:: Activity ::
Give back exactly the lines of the data below, starting with the line that has "Główne zdjęcie produktu" and going on through the line that has "Car Air Mattress".

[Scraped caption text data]
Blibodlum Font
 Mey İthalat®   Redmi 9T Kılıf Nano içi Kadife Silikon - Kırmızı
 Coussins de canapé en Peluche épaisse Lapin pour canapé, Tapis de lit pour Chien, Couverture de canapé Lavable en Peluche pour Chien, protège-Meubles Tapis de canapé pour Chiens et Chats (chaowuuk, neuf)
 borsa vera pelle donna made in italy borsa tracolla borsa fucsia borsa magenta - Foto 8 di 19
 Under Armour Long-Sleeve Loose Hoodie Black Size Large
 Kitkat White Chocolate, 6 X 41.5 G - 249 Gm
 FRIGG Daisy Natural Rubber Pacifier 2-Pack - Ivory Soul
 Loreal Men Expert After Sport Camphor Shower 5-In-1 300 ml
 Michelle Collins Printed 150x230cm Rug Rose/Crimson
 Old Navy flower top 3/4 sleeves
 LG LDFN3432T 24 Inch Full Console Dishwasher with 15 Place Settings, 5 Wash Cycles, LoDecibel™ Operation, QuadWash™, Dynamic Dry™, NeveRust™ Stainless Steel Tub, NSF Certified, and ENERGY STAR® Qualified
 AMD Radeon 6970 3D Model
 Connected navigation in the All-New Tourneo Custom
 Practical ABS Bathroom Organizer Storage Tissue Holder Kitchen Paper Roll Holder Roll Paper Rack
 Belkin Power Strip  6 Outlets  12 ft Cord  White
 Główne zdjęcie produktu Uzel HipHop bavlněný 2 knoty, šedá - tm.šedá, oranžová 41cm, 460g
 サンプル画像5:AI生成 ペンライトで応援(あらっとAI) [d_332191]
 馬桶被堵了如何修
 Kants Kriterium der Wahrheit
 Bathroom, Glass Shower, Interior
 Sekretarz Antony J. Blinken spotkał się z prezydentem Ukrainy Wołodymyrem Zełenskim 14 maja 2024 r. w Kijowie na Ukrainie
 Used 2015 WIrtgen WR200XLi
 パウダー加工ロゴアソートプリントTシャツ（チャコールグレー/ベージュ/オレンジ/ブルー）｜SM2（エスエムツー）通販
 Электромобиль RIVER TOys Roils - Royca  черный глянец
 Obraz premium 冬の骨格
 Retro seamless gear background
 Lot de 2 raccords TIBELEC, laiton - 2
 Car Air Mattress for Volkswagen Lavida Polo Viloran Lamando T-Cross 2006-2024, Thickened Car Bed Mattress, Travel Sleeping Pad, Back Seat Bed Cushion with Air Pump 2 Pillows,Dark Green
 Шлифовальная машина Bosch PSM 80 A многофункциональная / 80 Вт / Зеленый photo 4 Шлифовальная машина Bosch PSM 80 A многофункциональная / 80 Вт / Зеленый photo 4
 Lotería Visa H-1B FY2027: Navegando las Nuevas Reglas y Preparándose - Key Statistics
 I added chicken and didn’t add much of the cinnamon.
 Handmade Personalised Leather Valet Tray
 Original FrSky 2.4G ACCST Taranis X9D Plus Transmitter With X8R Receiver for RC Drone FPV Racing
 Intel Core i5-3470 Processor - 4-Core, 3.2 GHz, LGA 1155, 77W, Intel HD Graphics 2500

:: Exercise answer ::
 Główne zdjęcie produktu Uzel HipHop bavlněný 2 knoty, šedá - tm.šedá, oranžová 41cm, 460g
 サンプル画像5:AI生成 ペンライトで応援(あらっとAI) [d_332191]
 馬桶被堵了如何修
 Kants Kriterium der Wahrheit
 Bathroom, Glass Shower, Interior
 Sekretarz Antony J. Blinken spotkał się z prezydentem Ukrainy Wołodymyrem Zełenskim 14 maja 2024 r. w Kijowie na Ukrainie
 Used 2015 WIrtgen WR200XLi
 パウダー加工ロゴアソートプリントTシャツ（チャコールグレー/ベージュ/オレンジ/ブルー）｜SM2（エスエムツー）通販
 Электромобиль RIVER TOys Roils - Royca  черный глянец
 Obraz premium 冬の骨格
 Retro seamless gear background
 Lot de 2 raccords TIBELEC, laiton - 2
 Car Air Mattress for Volkswagen Lavida Polo Viloran Lamando T-Cross 2006-2024, Thickened Car Bed Mattress, Travel Sleeping Pad, Back Seat Bed Cushion with Air Pump 2 Pillows,Dark Green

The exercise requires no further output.